Vault API Rate Limits

API rate limits are a common way to guarantee a high quality service by preventing servers from becoming overloaded and the web service itself from becoming unusable. Web services are a fundamental resource to any developer application or integration. We enforce rate limits to ensure that each application or integration gets its fair share of this resource. Learn more about API rate limits in Vault Help.

What Are Rate Limits?

Rate limits constrain the number of API calls a user can make during a given time period. Once you reach your API quota, the server will throttle, or delay, your API requests until the next window.

Calls to /api/{version}/auth are calculated separately. After reaching the Auth API Burst Limit, any further requests will fail until the next window.

How Does Vault Calculate Limits?

Vault enforces multiple types of rate limits:

Burst Limit is the number of API calls that your Vault can receive within a fixed 5-minute period. When you reach the burst limit, the server delays responses for the remainder of the burst-limit period. To determine the length of delay for a throttled response, check the X-VaultAPI-ResponseDelay response header or the API Usage Logs.
Auth API Burst Limit is the number of calls that your Vault can make to /api/{version}/auth in a one (1) minute period. When you reach 50% of the burst limit, the server delays responses for the remainder of the burst-limit period. This limit is tracked by the username and vaultDNS parameters and does not apply to SAML/SSO or OAuth authentication. When you reach the Auth burst limit, any additional Auth requests will fail until the next window.

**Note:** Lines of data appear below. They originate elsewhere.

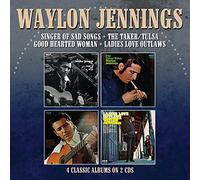Waylon Jennings - Singer Of Sad Songs / The Taker-Tulsa / Good Hearted Woman / Ladies Love Outlaws (2CD)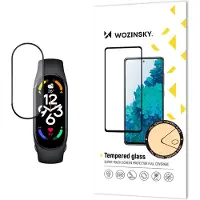 Wozinsky Serie - Xiaomi Mi Band 7 Gehard Glas Schermbeschermer - Full Glue - Zwarte Rand
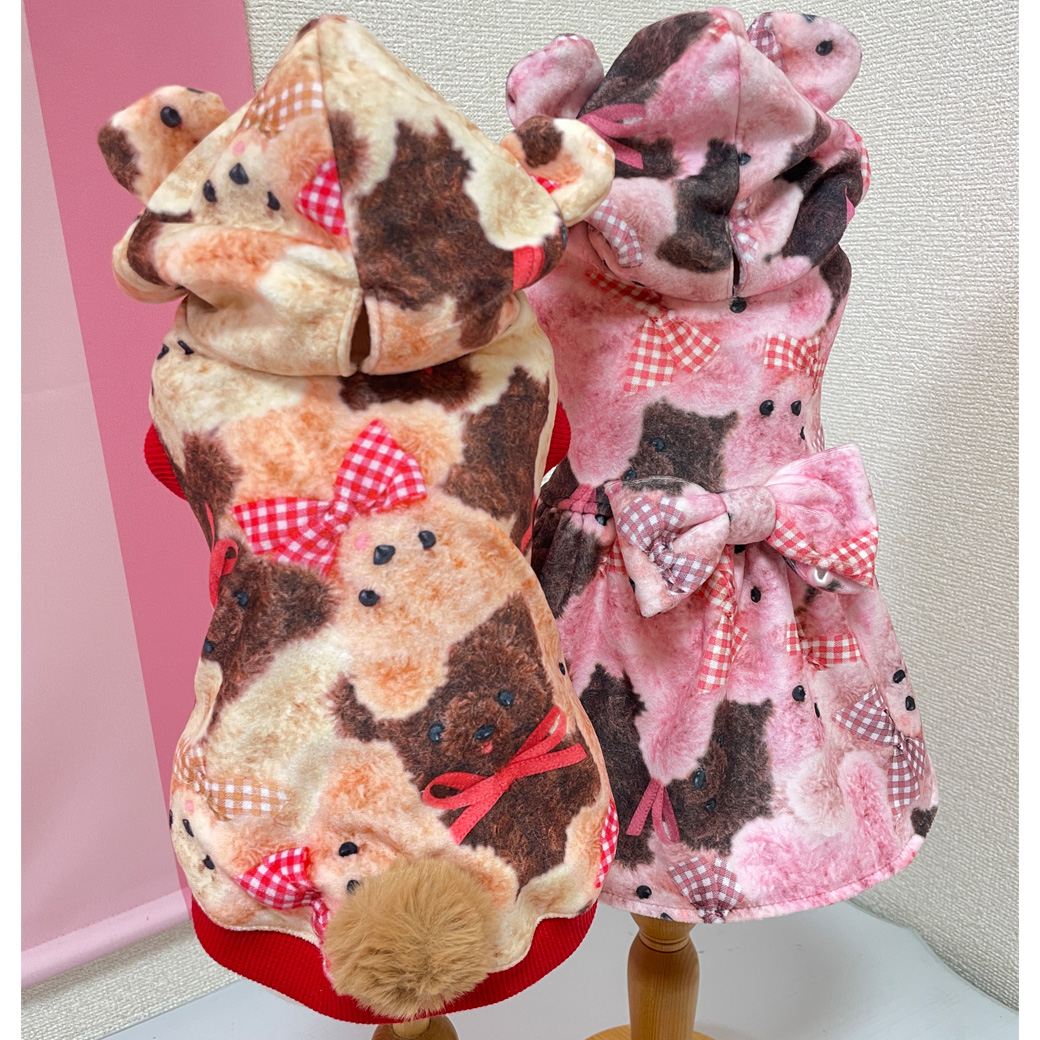 【SweetCandy】もこふわくまちゃんお洋服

To determine the burst limit for your Vault or the length of delay for a throttled response, check the response headers or the API Usage Logs.
Job Status API Rate Limit is the number of calls that your Vault can make to /api/{version}/services/jobs/{job_id}, which is one (1) call every 10 seconds. When this limit is reached, Vault returns API_LIMIT_EXCEEDED.

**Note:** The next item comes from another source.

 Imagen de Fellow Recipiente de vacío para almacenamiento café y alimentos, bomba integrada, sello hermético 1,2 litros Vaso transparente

For example, a Vault might allow 2,000 API requests within a 5-minute window. Between 4:00 and 4:03, your Vault has received 2,000 requests. On request 2,001 at 4:04, the server slows down all requests until the next window begins at 4:05.

API Rate Limit Headers

Vault API returns rate limiting headers to help you monitor how many API calls you have remaining as well as possible response throttling.

X-VaultAPI-BurstLimit: Indicates the maximum number of calls allowed in a 5-minute burst window. For example, 2000. (Included in v19.2+)
X-VaultAPI-BurstLimitRemaining: Indicates the number of API calls remaining for the current 5-minute burst window. For example, 1945. (Included in v14.0+)
X-VaultAPI-ResponseDelay: Indicates the delay, in milliseconds, of a throttled response. Only included for delayed responses. For example, 500ms. See How Does Vault Calculate Limits? (Included in v14.0+)

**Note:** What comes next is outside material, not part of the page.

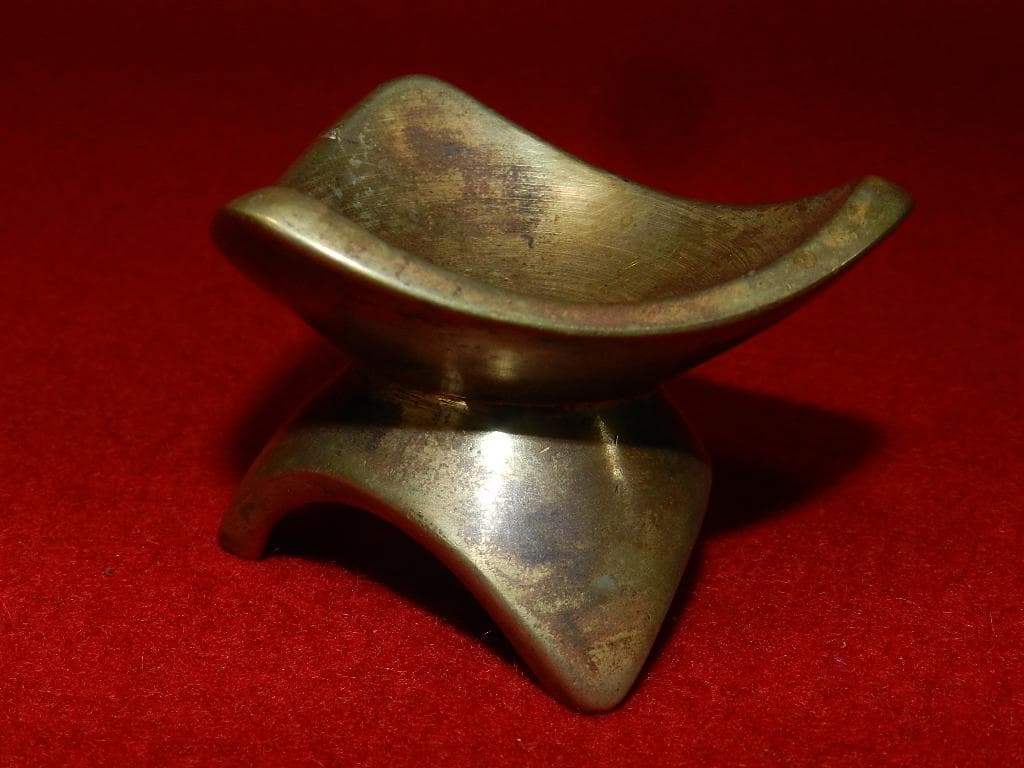 ME5 千家上職人 中川浄益 共箱 蓋置 2点 金物師 お安くいたしました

These headers are not relevant when the Job Status endpoint returns the API_LIMIT_EXCEEDED error when requested more than once in 10 seconds.

Authentication API Rate Limit Headers

As of v20.1, calls to /api/{version}/auth return two rate limit headers in every response showing you the total limits allowed for your Vault and how many /api/{version}/auth calls you have remaining. These calls also count towards your burst and daily limits.

X-VaultAPI-BurstLimitRemaining: Indicates the number of API calls remaining for the current 1-minute burst window. For example, 19.
X-VaultAPI-BurstLimit: Indicates the maximum number of calls allowed in a 1-minute burst window. For example, 20.
X-VaultAPI-ResponseDelay: Indicates the length of delay for a throttled response in milliseconds. For example, 2000.

Developing with Rate Limits

Here are some best practices for reducing the number of API requests:

Avoid unnecessary auth calls. A session ID with a timeout of 20 minutes only expires if it is not used within 20 minutes after the last request finishes executing.
Cache configuration data. Configuration data does not change often. Retrieve it once and store it locally in a database like SQLite or serialized in a file.
Optimize your code to eliminate unnecessary API requests. Are you retrieving data that isn’t being used in your application? Are you updating data that hasn’t changed? Eliminate these calls.
Regulate the API request rate. If you are frequently approaching or reaching the API rate limit, consider implementing a throttling process in your application to distribute your requests more uniformly over time. For example, observe the above mentioned response headers and monitor your request rate. Throttle requests when your rate reaches a certain threshold.
Use the bulk/batch APIs. You can drastically reduce your API request count if you take advantage of the many bulk APIs available. For example, a single API request can create 500 object records using the Create Multiple Object Records API. Find opportunities to replace single API calls with their bulk counterparts. Note that bulk APIs are not currently available on all resources.